The Nigerian Conservation Foundation (NCF) and coalition of civil society groups such as Green Faith, organised Interfaith Rise for Climate, on 8th September 2018 hosted at LUFASI Nature Park, Lagos.
This event was held to galvanize action with other global marches and activities including the Bangkok March to call-to-action national, sub-national leaders, government, private sector, faith-based institutions, and other stakeholders etc. as world leaders meet for the Global Climate Action Summit in San Francisco between 12th and 14th September, 2018.
In his keynote address, the Director General of NCF, Dr. Muhtari Aminu-Kano shared insights on Islamic principles and approaches to protect the environment as defined in Eco-Islam, a movement pioneered by Islamic Foundation for Ecology and Environmental Studies (IFEES). He reiterated on four Islamic principles which are the foundation for the inter-link between environmental protection and Islam belief – Tauhid (Unity); Fitra (Creation); Mizan (Balance); and Khalifa (Stewardship). Adding that Hima (Sustainable management); Harim (protection); Waqf (Trust Fund); and Hisba (Enforcement) are the approaches or mechanisms that Muslim societies have employed to observe and implement the tenets of these four principles.
He further described the need for a multi-faith intervention towards achieving alternative paradigm in reducing the impact of climate change and other environmental challenges in Nigeria.
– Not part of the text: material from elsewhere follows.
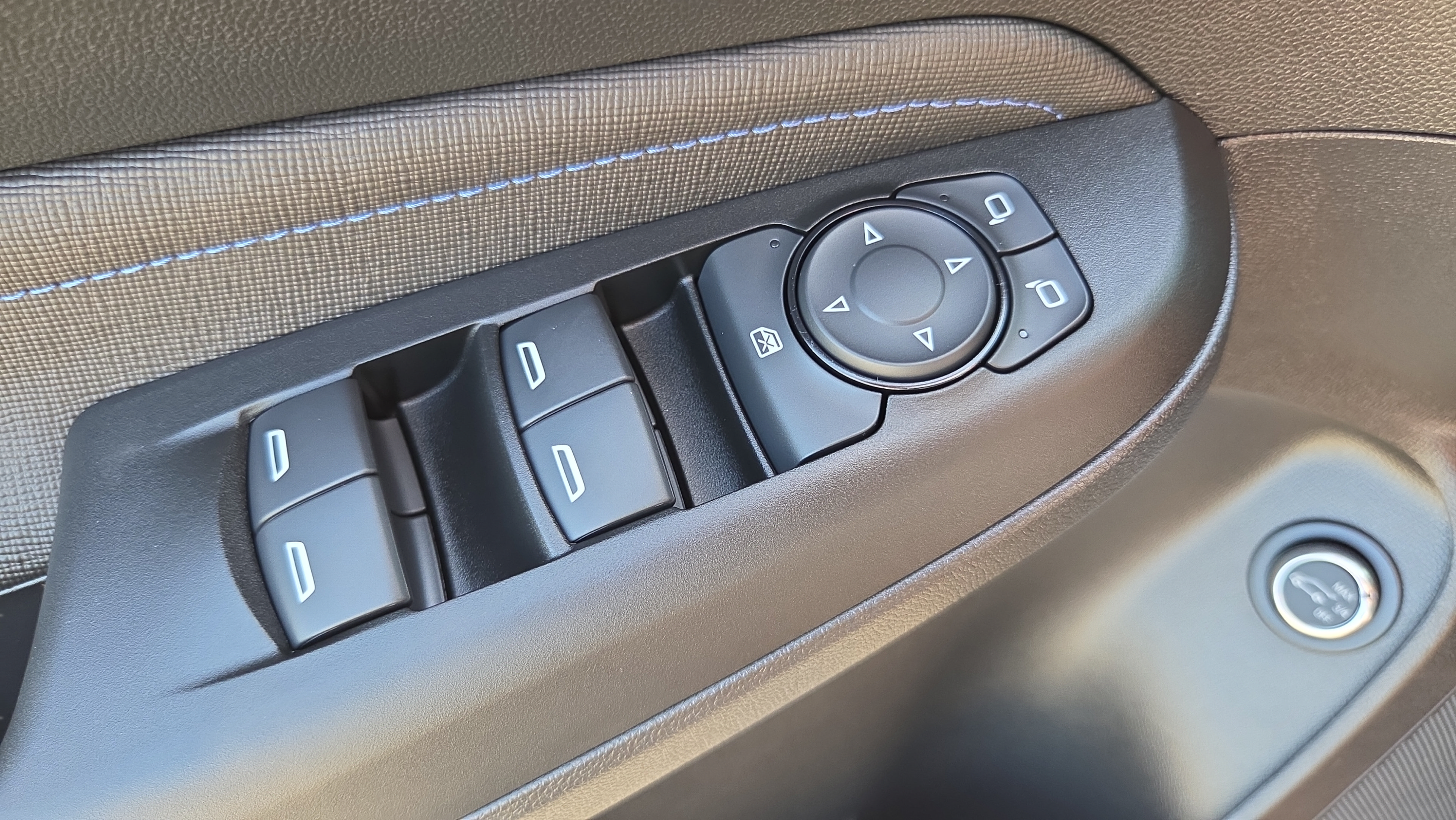 Certified 2026 Buick Envista Sport Touring w/ Convenience I Package FWD image 28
To achieve this alternative paradigm, he sighted moderation in human consumption pattern, environmental stewardship as well as having ethical boundaries and contentment in human approaches to money and market while considering a holistic wellbeing as part of the framework for the new paradigm.
While giving examples of Muslim initiatives in existence that have proven very successful in environmental protection, he highlighted Eco-Islam; Islamic Declaration on Climate Change; Green Muslim Climate Network, Green fatwas; Green mosques; Green Hajj; Green iftar; and Green khutbah etc.
Other speakers included representatives from the Christian faith and Buddhist community in Lagos who also shared their respective faith insights about environmental protection. The plenary session gave the opportunity to discuss on modalities to further work together as a multi-faith network towards advancing the work of creation and protect the environment. Environmental Awareness in faith-based institutions was identified as one of the first steps to use in evangelizing and engaging followers of all faith institutions in driving action on environmental protection.
In order to continue the conversation around engaging inter-faith in driving climate action, Dr. Aminu-Kano used the event to announce NCF’s plan to host a public lecture and engage with faith leaders towards a strong campaign to save the Nigerian environment. This will be launched in 2019.
A Joint Faith declaration was made with seven key points as action for faith-based institutions which were based on public environmental awareness, engagement with faith-based governance structure, mainstreaming environment into theological doctrines and curriculum, and commitment to divest from fossil-fuel to renewable energy-powered worship centres.